> EXERCISE REQUIREMENTS: Reproduce exactly the line that contains "O'Neill Men's Trvlr" and every line after it through the end of the records below, leaving out all pictures.

Image-text web data:
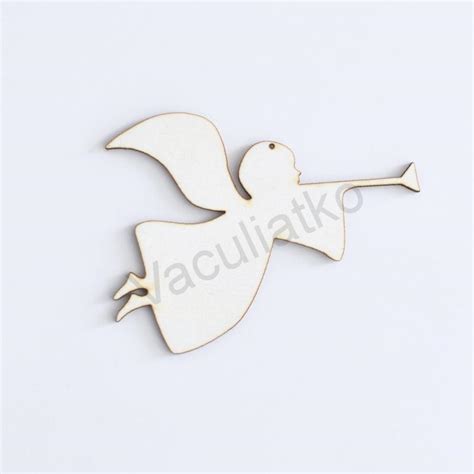 Tematické foto: Vianočná ozdoba - drevený anjelik na mesiaci s trúbkou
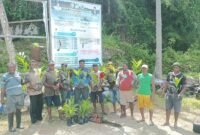 Warga kampung Goras menerapkan konsep Satu Rumah Dua Pohon Pinang agar nantinya dapat dimanfaatkan secara ekonomis.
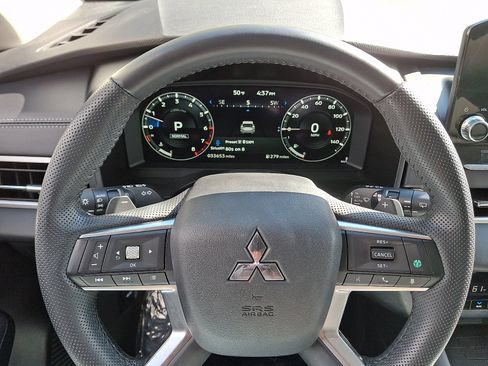 Used 2024 Mitsubishi Outlander SEL AWD/4WD image 20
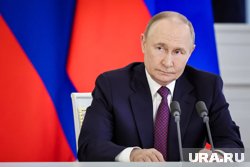 Владимир Путин поздравил главу Южной Осетии Гаглоева с Днем Республики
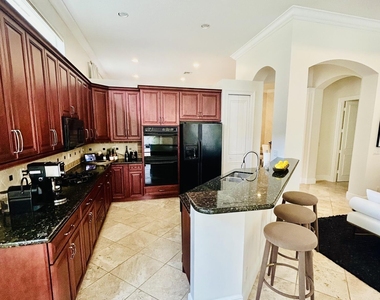 8452 Legend Club Drive - Photo Thumbnail 2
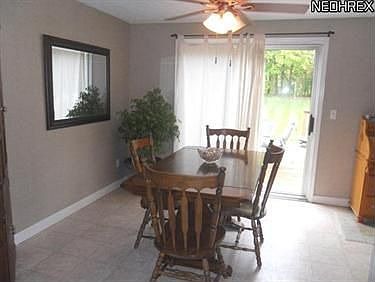3rd image of 453 Topaz Ln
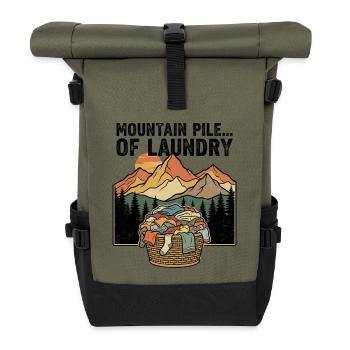 Mountain of Laundry – Outdoor Humor Berg Wäsche - Rolltop Rucksack - Olive/Schwarz - Vorne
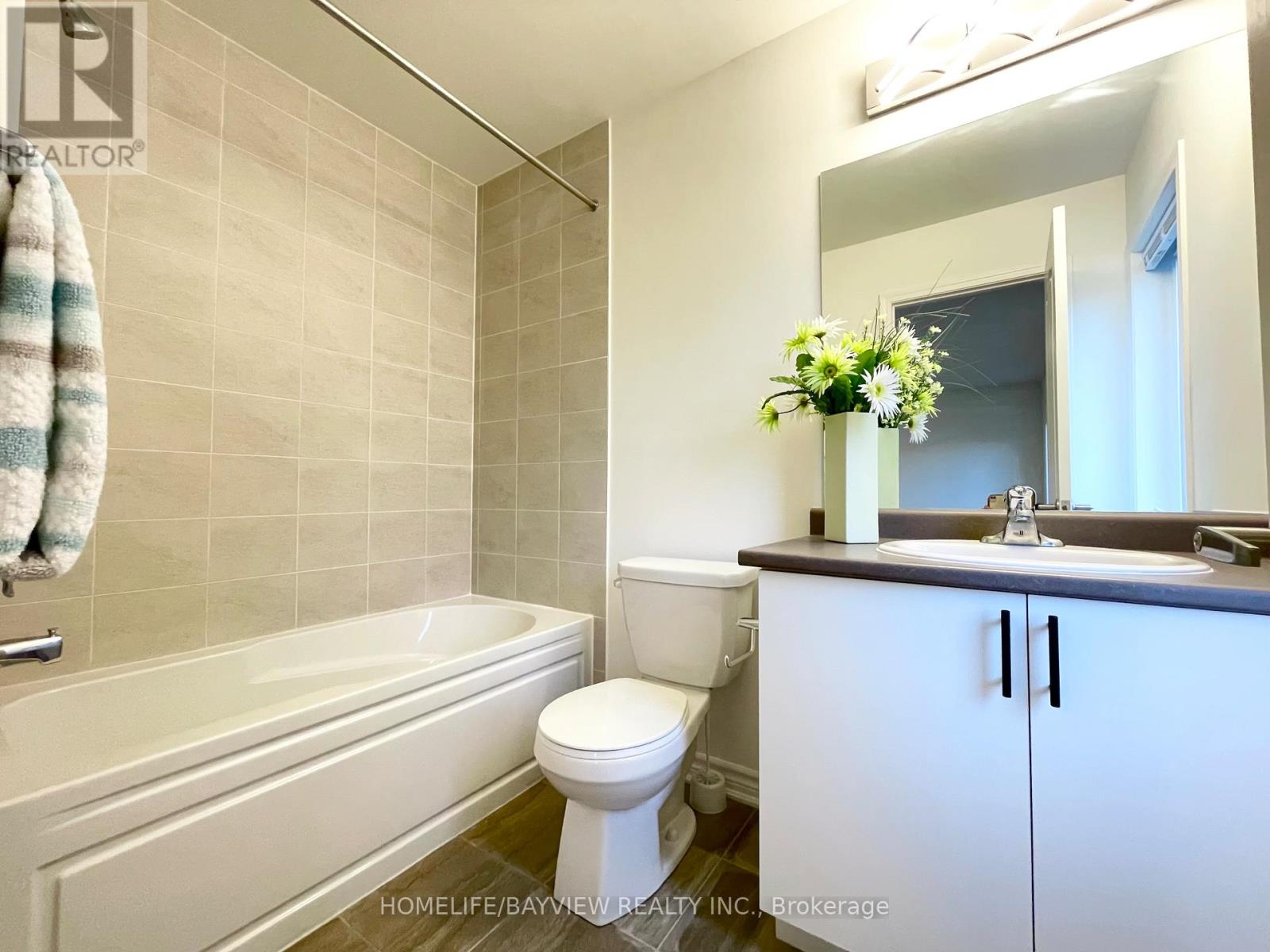 128 Village Gate Drive, Wasaga Beach, Ontario  L9Z 0J7 - Photo 18 - S12153450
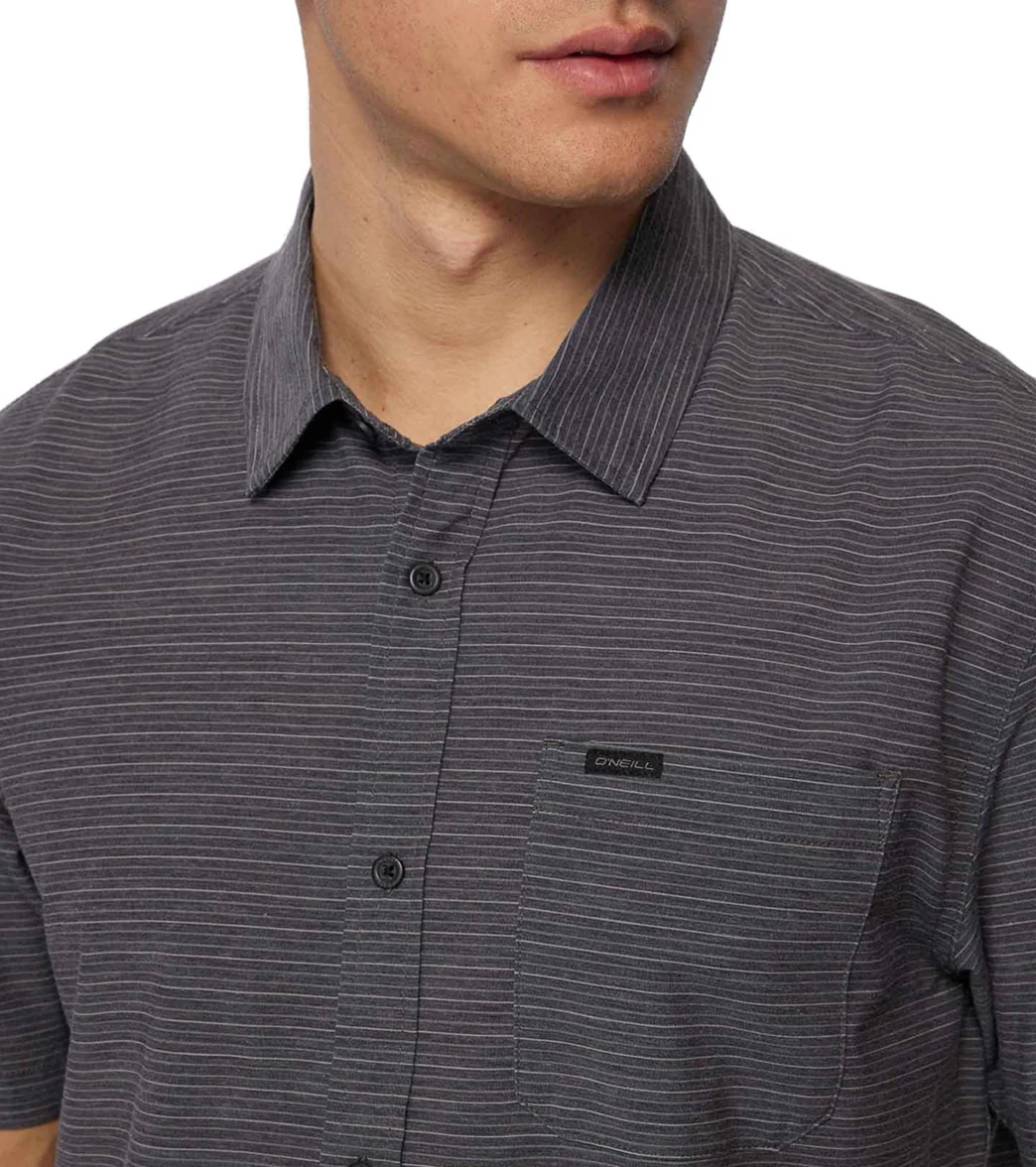 O'Neill Men's Trvlr Traverse Short Sleeve Button Up Shirt - Image 12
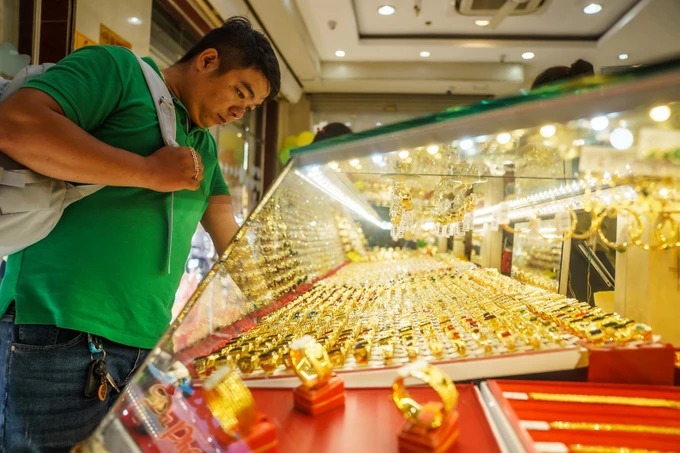 A customer is seen looking at gold products at a Mi Hong store in Binh Thanh district, Ho Chi Minh City. Photo courtesy of Sai Gon Giai Phong (Saigon Liberation) newspaper.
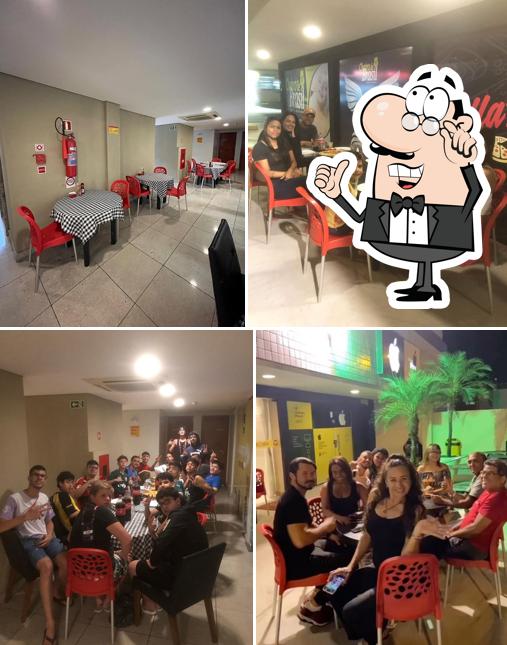 O interior do Raffa's Pizzaria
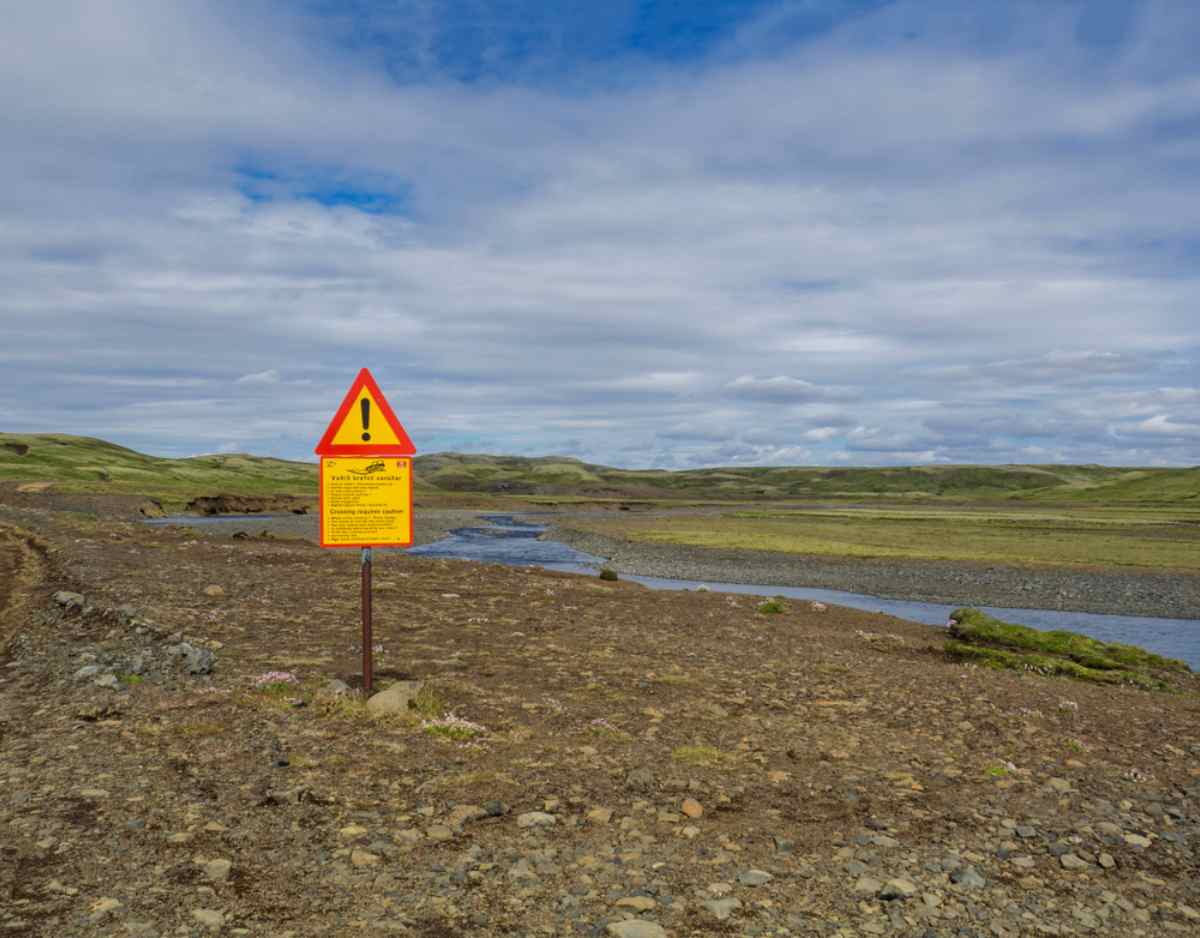 Overview of an Icelandic F-road with a road sign indicating that driving on it without a 4x4 vehicle is prohibited.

> TASK RESPONSE:
 O'Neill Men's Trvlr Traverse Short Sleeve Button Up Shirt - Image 12
 A customer is seen looking at gold products at a Mi Hong store in Binh Thanh district, Ho Chi Minh City. Photo courtesy of Sai Gon Giai Phong (Saigon Liberation) newspaper.
 O interior do Raffa's Pizzaria
 Overview of an Icelandic F-road with a road sign indicating that driving on it without a 4x4 vehicle is prohibited.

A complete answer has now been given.